Los medios de comunicación tradicionales, que vienen
perdiendo peso, credibilidad e influencia desde hace años, han optado por
alinearse de manera decidida y definitiva con el partido Demócrata. Esto
transforma de modo inequívoco su papel en la sociedad estadounidense. Medios de
prensa como el New York Times, el Washington Post y Los
Angeles Times, y redes de televisión como CNN, ABC y CBS, entre otras, ya
no existen para informar sino para participar del combate político como
instrumentos de uno de los bandos en pugna. Para aquéllos que aún afirman que
la escisión entre “izquierda” y “derecha” ha perdido sentido en nuestros días,
es de interés que den un vistazo a la actual política estadounidense, y con
facilidad comprobarán que tal diferenciación tiene más vigencia que nunca
antes. En ese contexto, los medios de comunicación tradicionales han optado por
desenmascararse, cumpliendo un rol totalmente parcializado.
Recordemos que dicha parcialización se desplegó durante la
reciente campaña electoral. La derrota de la señora Clinton no sólo tomó por
sorpresa a los medios tradicionales, tanto en Estados Unidos como en Europa y
América Latina, sino que les dejó desnudos ante amplios sectores de la opinión
pública. La humillación experimentada ante el fracaso de sus pronósticos se ha
mezclado con ilimitada indignación e incontenible rabia, que se manifiestan en
la obsesión de tales medios tradicionales por poner fin a la presidencia de
Trump, haciendo uso de todas las herramientas a su alcance y así algunas de
éstas se confundan con la violación de la ley. Ni el partido Demócrata, ni los
medios de comunicación, burócratas y agencias de inteligencia a su servicio,
han aceptado o aceptarán jamás la victoria de Trump, y el repudio a su
legitimidad se ha convertido en un principio irrenunciable de la conducta
Demócrata. Desde noviembre pasado los Demócratas han desconocido, cuestionado o
desestimado las reglas del sistema político, entre ellas el sistema electoral,
tratando de mostrar a Trump como un personaje condenable en sí mismo por el
mero hecho de existir. Todo ello conforma un marco de relaciones entre enemigos
jurados que, creo, ya acabó con el elemento lúdico en la política
estadounidense.
En síntesis, para la izquierda político-cultural
estadounidense e internacional, la victoria de Trump no ha sido asumida como
una derrota política, sino como un evento que tuerce lo que Obama (hegeliano de
nuevo cuño) denomina “el curso correcto de la Historia”, como un trauma
escatológico que ofende los designios divinos. Por lo tanto, no hay acomodo
posible con una realidad que es vista como una grieta en el orden cósmico, un
inaceptable insulto que exige una respuesta existencial, carente de matices y
negada a cualquier tentación conciliadora.

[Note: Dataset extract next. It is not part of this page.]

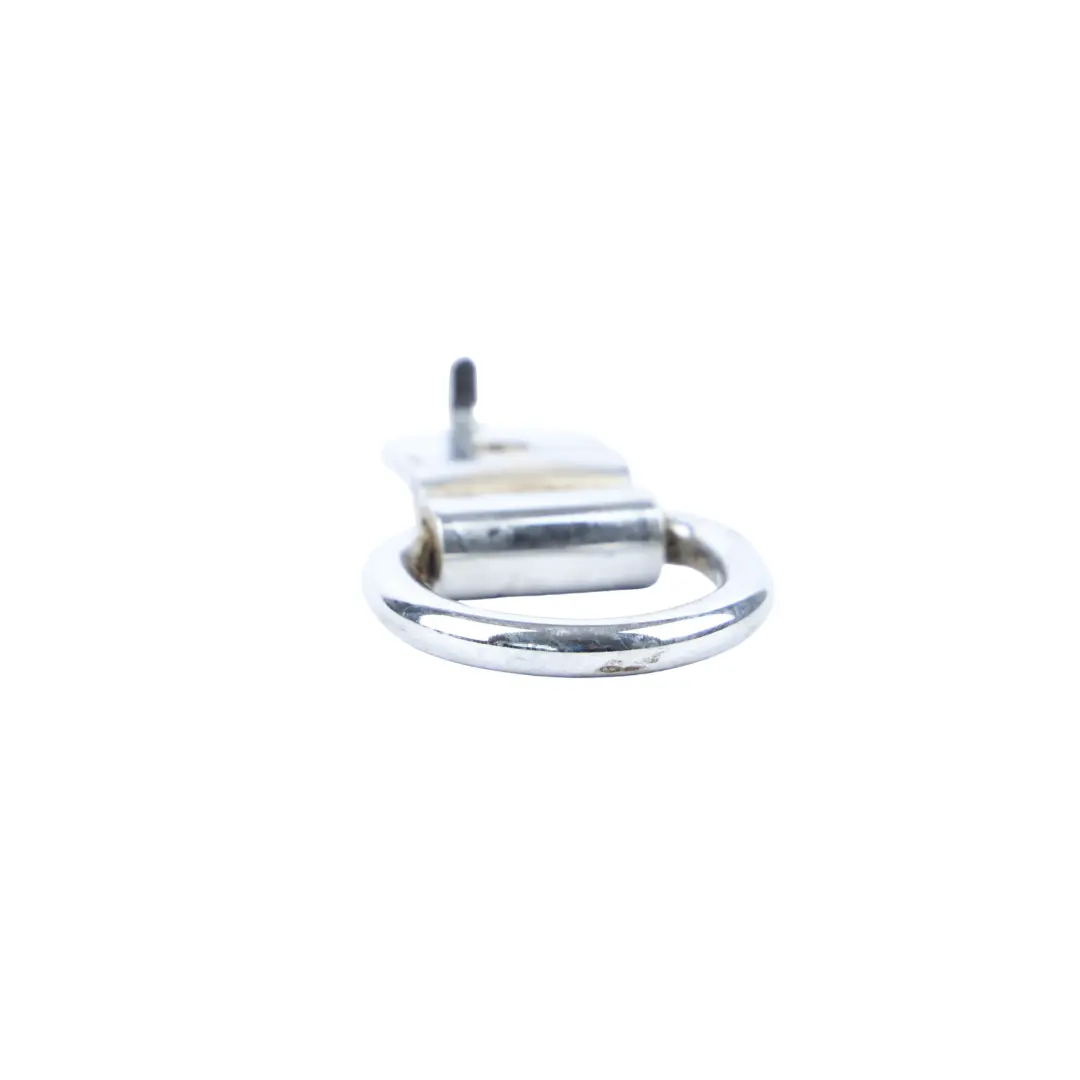 Toyota Auris E15 Verso R2 Cinghia Bagagli Gancio Supporto Staffa - SKU 5846033020 - Numero di parte 5846033020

Cabe destacar que los Demócratas tienen razón en temer a
Trump, pues les está quitando el piso sobre el que caminan. En este sentido, si
se leen con cuidado los artículos de, por ejemplo, Mario Vargas Llosa contra
Trump, es fácil constatar que para este tipo de intelectual bien-pensante en
Occidente, el problema de Trump no es precisamente que sea populista. En
realidad todos los actuales políticos democráticos lo son, en mayor o menor
medida (incluidos la señora Merkel y sus “refugiados”). El verdadero
problema es que Trump es un populista de derecha, y ello sí que resulta
imperdonable.
Es desde luego complicado formular un pronóstico acerca del
probable desenlace de este proceso de enfrentamiento radical. Trump ha mostrado
que es un error subestimarle. Para alcanzar una mejor comprensión de lo que ocurre,
es recomendable ir más allá de la avasallante ofensiva de los medios de
comunicación tradicionales, e intentar informarse por otras vías acerca de las
percepciones de esa América profunda (los “deplorables”) que llevó a Trump a la
Presidencia, una América a la que las élites de izquierda concentradas en las
costas menosprecian, y que, según he logrado investigar, no mira con buenos
ojos lo que obviamente están intentando hacer el partido Demócrata y sus
aliados. Pero claro, al igual que en 2015 y 2016, hay que hacer un esfuerzo
perseverante para conocer la verdad.